Debugging Notes

source tree executables

libtool is in use, so libtool e trickery is needed to launch a tool against an actual compiled executable. Command front ends further complicate this.

Note

libtool e is shorthand for libtool --mode=execute.

Example: run a built-in sub-command under GDB

$ libtool e gdb --ex run --args src/cmd/flux version

Example: run an external sub-command under GDB

$ src/cmd/flux /usr/bin/libtool e gdb --ex run --args src/cmd/flux-keygen

Example: run a broker module separately from the broker under GDB

$ src/cmd/flux /usr/bin/libtool e gdb --ex run --args src/broker/flux-module-exec heartbeat

Example: run the broker under GDB

$ src/cmd/flux start --wrap=libtool,e,gdb,--ex,run

Example: run the broker under valgrind

$ src/cmd/flux start --wrap=libtool,e,valgrind

message tracing

Example: trace messages sent/received by a command

$ FLUX_HANDLE_TRACE=t flux kvs get foo

Example: trace messages sent/received by two broker modules

$ flux module trace --full content kvs

Example: trace messages sent/received by this broker on the overlay network

$ flux overlay trace --full

CI failures

Failures that occur only in a github CI workflow can be directly examined with tmate access.

In flux-core, the tmate action can be enabled by restarting the workflow and selecting the "Enable debug logging" checkbox.
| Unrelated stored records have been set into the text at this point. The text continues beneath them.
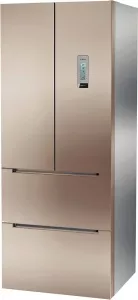 Холодильник Bosch KMF40AO20R фото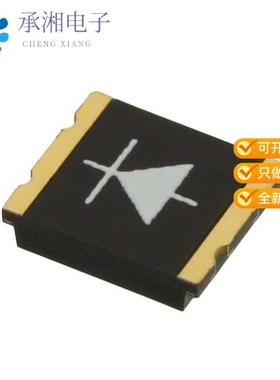 正品TEMD5120X01原装PHOTODIODE 790 TO 1050 NM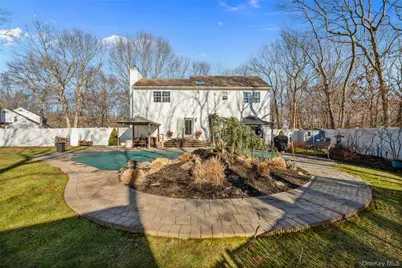 194 Miller Place Road, Miller Place, NY 11764 - Photo 40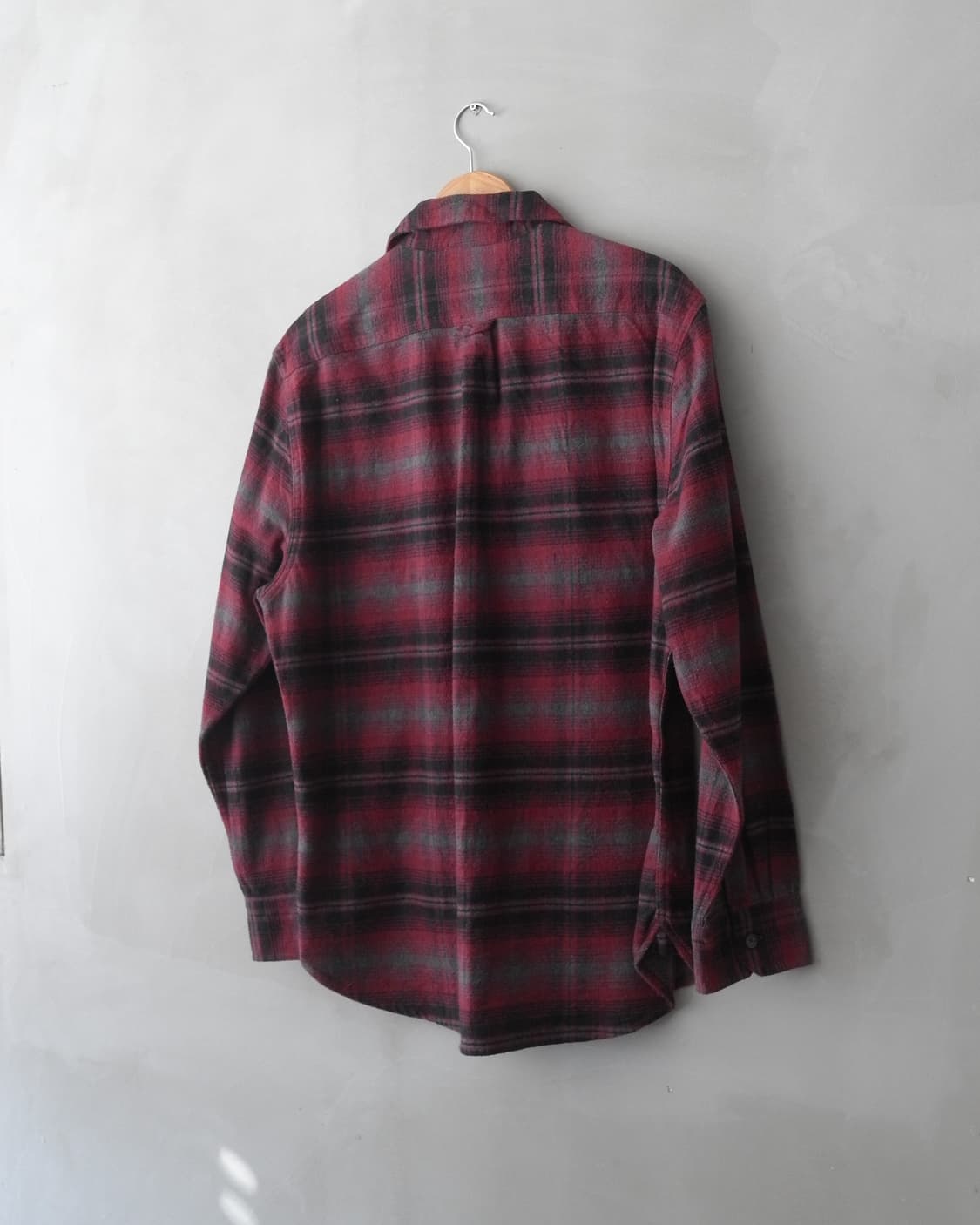 Jacks MFG 상품이미지2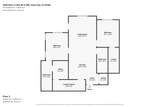 4428 Deer Creek Road - Photo 18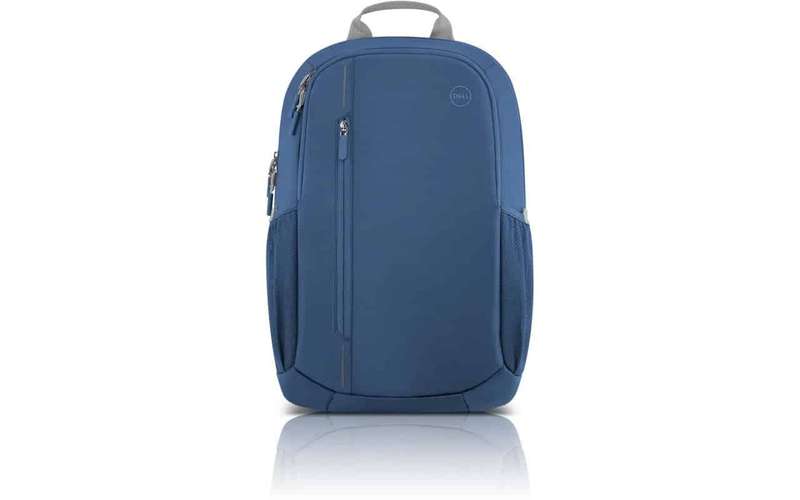Dell Ecoloop Urban 15" Backpack CP4523B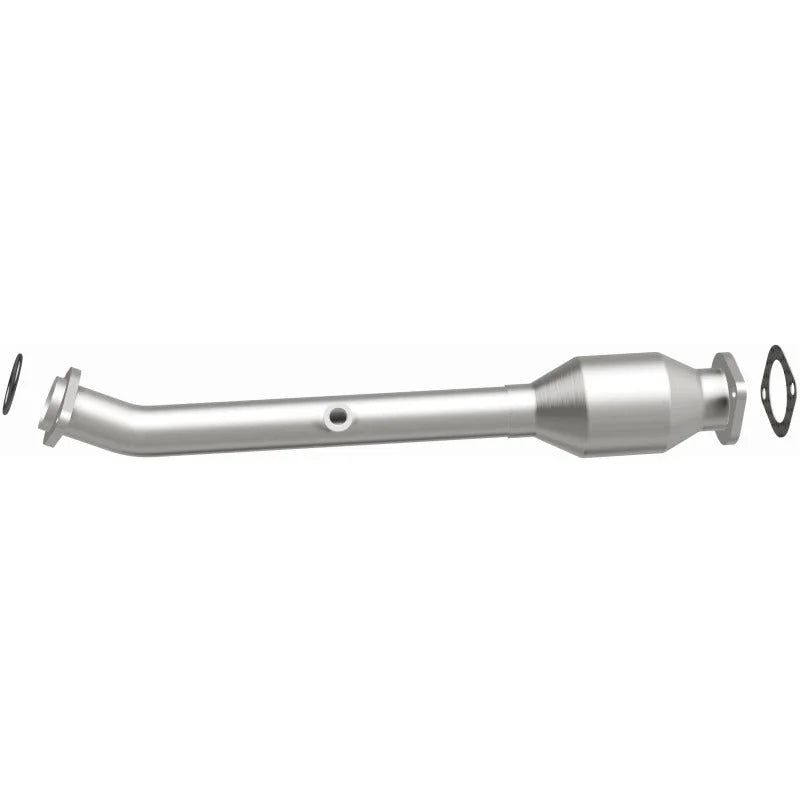 Magnaflow 05-17 Nissan Frontier 4.0L Direct Fit Converter - Additional View 8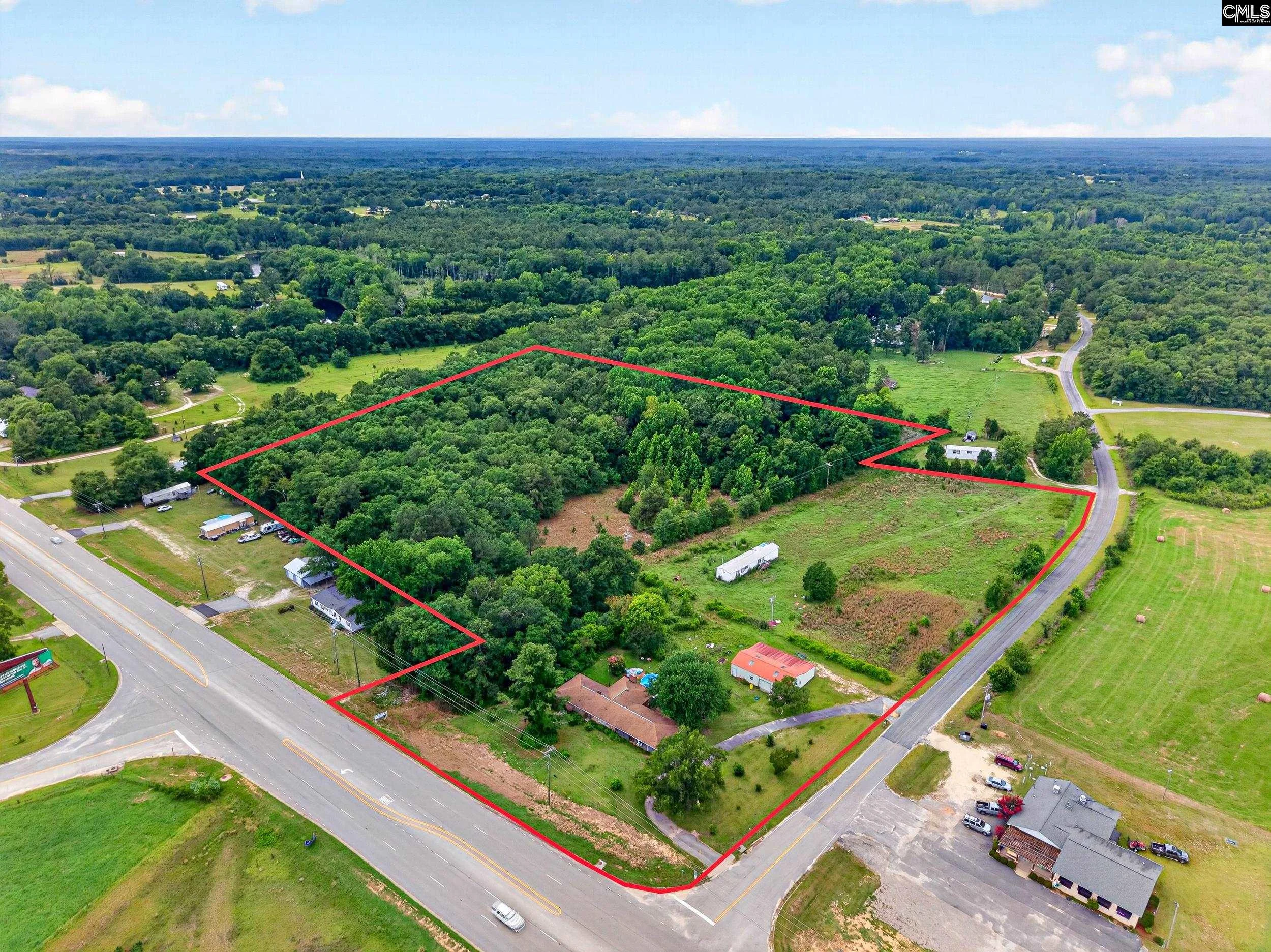 4516 Augusta Highway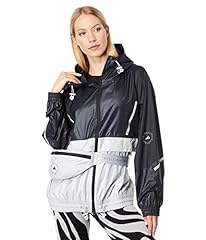 Adidas windbreaker h62016 for sale  Delivered anywhere in UK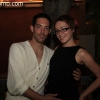 dinner_3201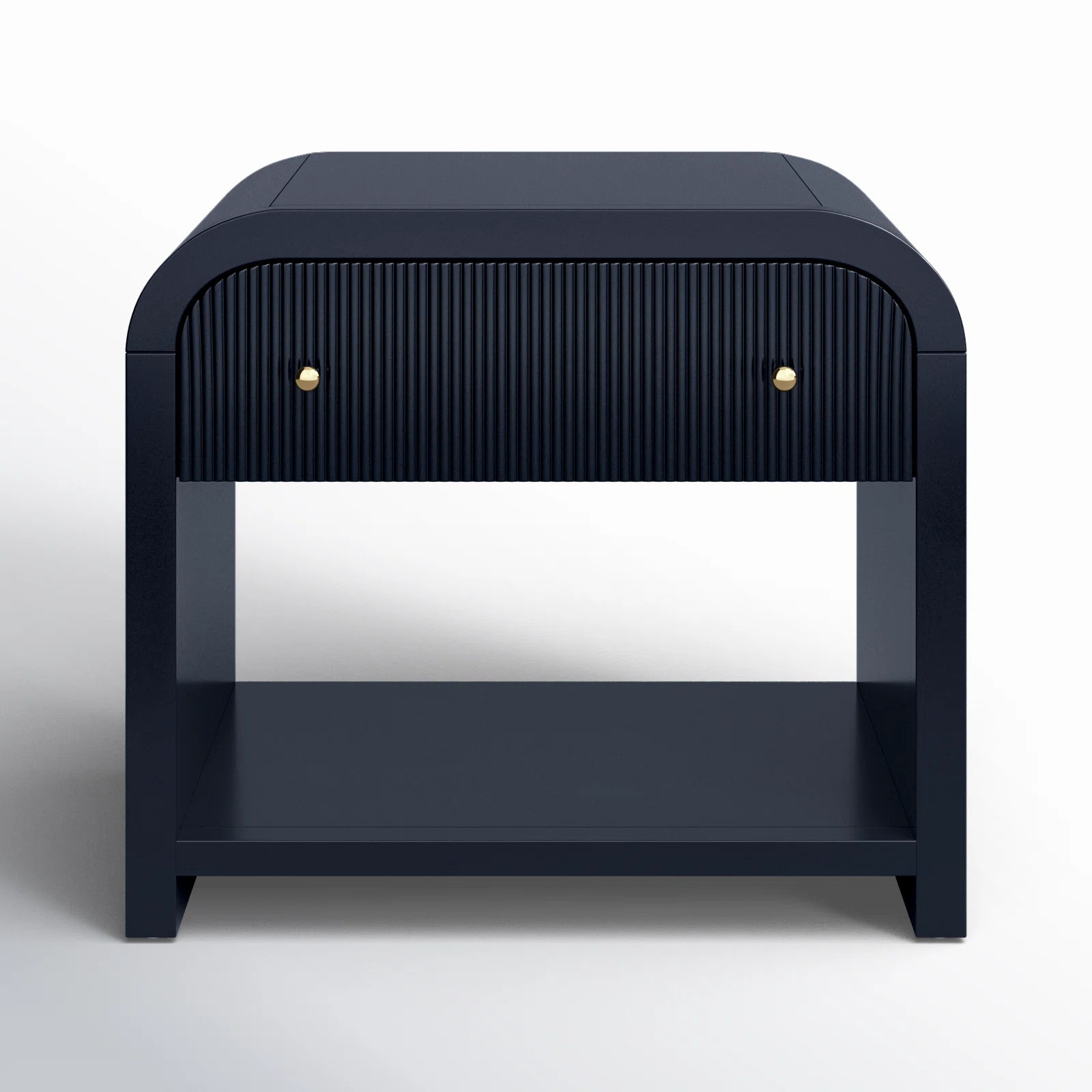 Liabella 30'' W Nightstand | Wayfair North America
For other framework projects, the tmate action can be temporarily patched into the workflows config as in the diff below for the macos workflow:

diff --git a/.github/workflows/main.yml b/.github/workflows/main.yml
index c65ea7f08..fba80d919 100644
--- a/.github/workflows/main.yml
+++ b/.github/workflows/main.yml
@@ -130,6 +130,9 @@ jobs:
       run: make check -j4 TESTS=
     - name: check what works so far
       run: scripts/check-macos.sh
+    - name: tmate
+      if: failure()
+      uses: mxschmitt/action-tmate@v3

Push that temporary change to a personal fork, then find the ssh address by examining the action output.

running tests as Flux jobs

Tests in the testsuite can be run as Flux jobs to help with debugging and testing under different conditions. This approach is particularly useful for ensuring tests are isolated from the enclosing Flux environment, running tests in parallel across multiple nodes, or detecting race conditions.

Example: run a single test as a Flux job

$ flux run -o pty -n1 ./t1234-test.t -d -v

This ensures the test is properly isolated from the enclosing environment, which can be helpful for debugging environment-related issues or verifying that a test doesn't depend on external state. The -o pty option allocates a pty for the job to enable colorized output from the sharness tests.

Example: run all sharness tests in parallel as Flux jobs

$ flux bulksubmit -n1 -o pty --watch --progress --job-name={./%} ./{} -d -v ::: t*.t

This is useful for running the entire test suite (or a subset depending on what the glob after ::: matches) quickly when you have access to multiple nodes or cores. Each test runs as a separate job using one core (cores per test can be adjusted with -c, --cores-per-task=N), allowing you to leverage available resources efficiently. The --watch option displays live output from jobs as they execute, --progress shows progress and pass/fail counts, and --job-name={./%} sets each job name to the test file basename with the .t extension removed.

Note

After running tests with bulksubmit, you can list any failures with flux jobs -f failed and then examine the output of a specific failed test using flux job attach JOBID.

Example: run a single test multiple times to detect race conditions

$ flux submit --cc=1-16 -o pty --watch --progress -n1 ./t1234-test.t -d -v --root={{tmpdir}}

This runs the same test 16 times simultaneously, each with one core and a unique temporary directory. This is particularly effective for finding race conditions or intermittent failures that only appear under concurrent execution. Adjust the --cc range as needed for your testing requirements. Test concurrency can be further increased by running this example under flux start -N, where N is greater than 1.

Note

Similar to bulksubmit, failures can be identified with flux jobs -f failed and examined with flux job attach JOBID.

Note

The -d -v flags enable debug mode and verbose output respectively, which provide more detailed information when tests fail.